Questa vena mistico-religiosa-punitiva, questo neanche troppo criptico invito al pentimento, alla solitudine, alla riscoperta di se stessi se va bene, esiste anche oggi come esisteva cinque anni fa: le altre pesti che stiamo attraversando ci invitano a chiuderci, a prepararci i kit di sopravvivenza, a parlar d’altro, di serie televisive per esempio, a evitare il “miasma” che favorisce il flagello.
La caligine spessa, così la chiama Ovidio, che cala sulla terra. Le nubi che si saldano una con l’altra formando una morsa d’afa spossante. Comincia così, con l’aria che si ferma e diventa pesante per quattro mesi, e in quella cappa, diceva sempre Ovidio, migliaia di serpenti strisciano in campi desolati, e contaminano i fiumi con il loro veleno. Comincia con il non potersi muovere per il caldo soffio del vento, e nel non vedere la serpe che fra l’erba sparge quella che non è ancora morte, ma lo diventerà.
Per dirla con Sontag, “per trarre una morale dalla malattia, ci vuole quello che comporta il miasma, ovvero l’infezione generalizzata dell’atmosfera”. E serve, sempre, il passaggio di stato, il mondo “moderno” che viene a contatto con il mondo “arcaico”. Nelle prime cronache del coronavirus si stigmatizzava l’arcaismo alimentare dei mercati di Wuhan, se ricordate bene. Sempre, la causa è la mobilità delle persone. La salute della nazione è sempre a rischio ogni volta che si varcano i confini del paese, dunque, scrive Thottam,
“la metafora militare diventa indispensabile. Se viene usata per rappresentare il cancro, trasforma le cellule tumorali in invasori, e il corpo in un esercito che combatte contro se stesso.
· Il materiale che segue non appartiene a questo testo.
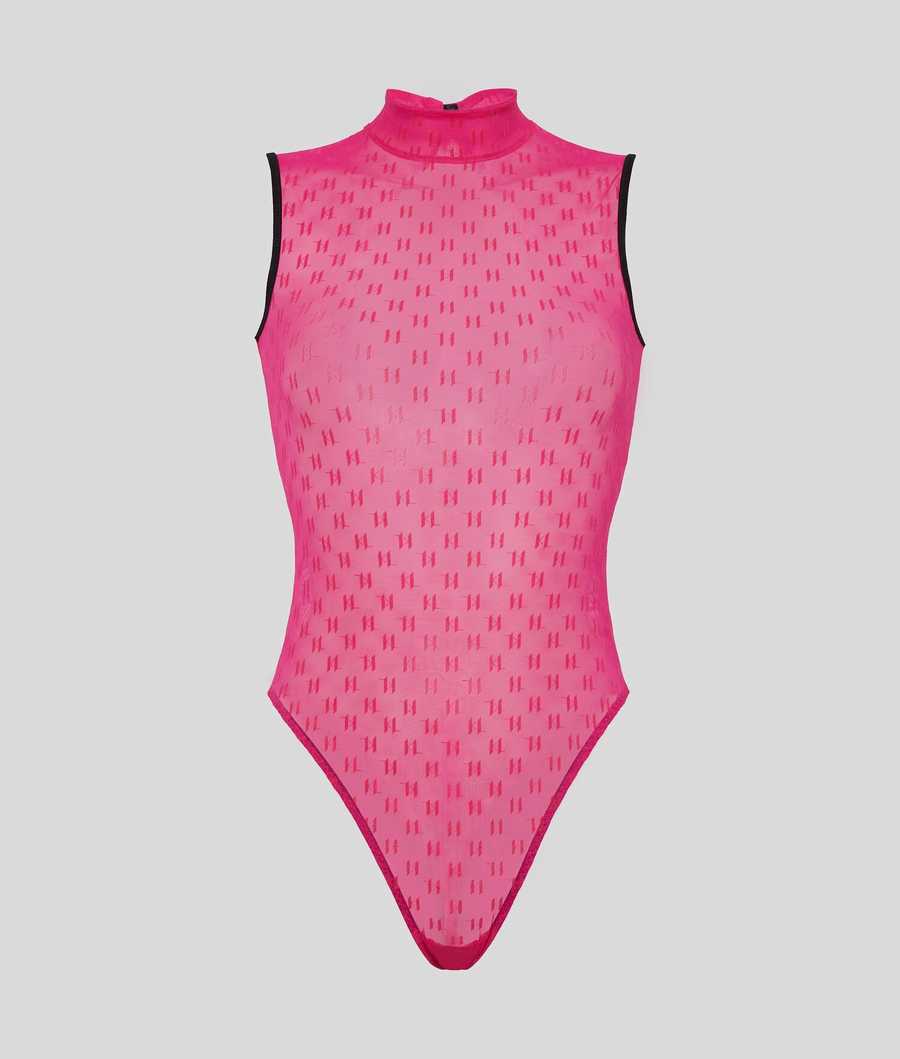 Pink Women's Karl Lagerfeld High-neck Kl Monogram Bodysuit Underwear | TH391EBNW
Nella letteratura dell’Aids, l’invasore è esterno, un virus, ma un virus che mina subdolamente le difese del corpo: l’HIV è un guerrigliero. Risorta per venire in aiuto alle nuove malattie, la metafora militare è più forte che mai. Però l’obiettivo non è il corpo di un singolo, ma l’intera nazione. La sanità e la sicurezza pubbliche sono indistinguibili l’una dall’altra. Esplosioni della malattia e attacchi di bioterrorismo vengono percepiti nello stesso modo (…) L’autorità che si viene chiamati ad ascoltare non è un medico o un epidemiologo, ma un poliziotto”.
Dunque, la malattia si trasforma in un crimine. Dunque, l’omissione iniziale dei casi di Sars in Cina è anche legata (o potrebbe essere legata) alle metafore usate per descriverla: perché la nuova narrazione del contagio “è capace di generare gli effetti della malattia anche dove la malattia è assente”.
Conclude Thottam:
“L’unica metafora utile è quella di Dostoevskij. I sogni, dopotutto, funzionano secondo una loro logica. Possono mostrarci di cosa abbiamo veramente paura rappresentandolo con un’immagine di qualcos’altro”.
Serve a qualcosa parlarne? Sì, moltissimo. Serve come serviva allora lavarsi le mani. Perché abbandonarsi al flusso di notizie e contronotizie non ha fatto che immergerci nell’abitudine all’eccezionalità. Occorre sempre guardare quell’eccezionalità negli occhi, e sapere esattamente dove siamo.
Lo ha fatto, per esempio, Le Monde Diplomatique, in un articolo che riflette sul confinamento, e dice: “La chiusura della primavera 2020 è una delle esperienze umane più rilevanti e meno dibattute degli ultimi anni”
Noi non lo abbiamo fatto, non lo stiamo facendo. Ed è un virus, anche questo.